## What you are asked to do:
Return the data below exactly as given, except for the images.

## Information provided:
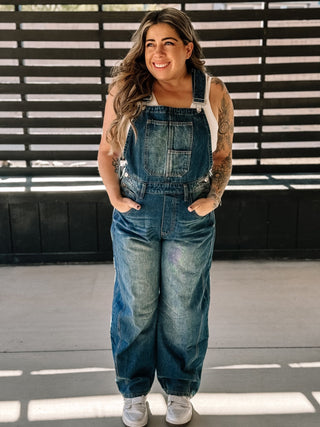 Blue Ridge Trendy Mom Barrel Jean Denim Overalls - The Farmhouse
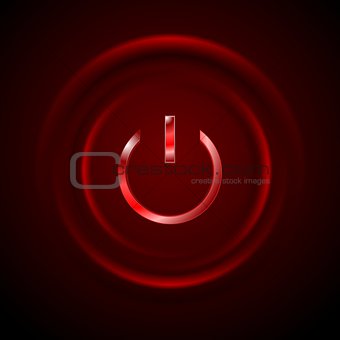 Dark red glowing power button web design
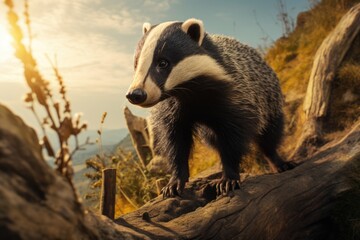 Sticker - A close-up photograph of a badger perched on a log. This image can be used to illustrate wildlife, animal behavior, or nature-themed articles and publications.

## Reply:
 Blue Ridge Trendy Mom Barrel Jean Denim Overalls - The Farmhouse
 Dark red glowing power button web design
 Sticker - A close-up photograph of a badger perched on a log. This image can be used to illustrate wildlife, animal behavior, or nature-themed articles and publications.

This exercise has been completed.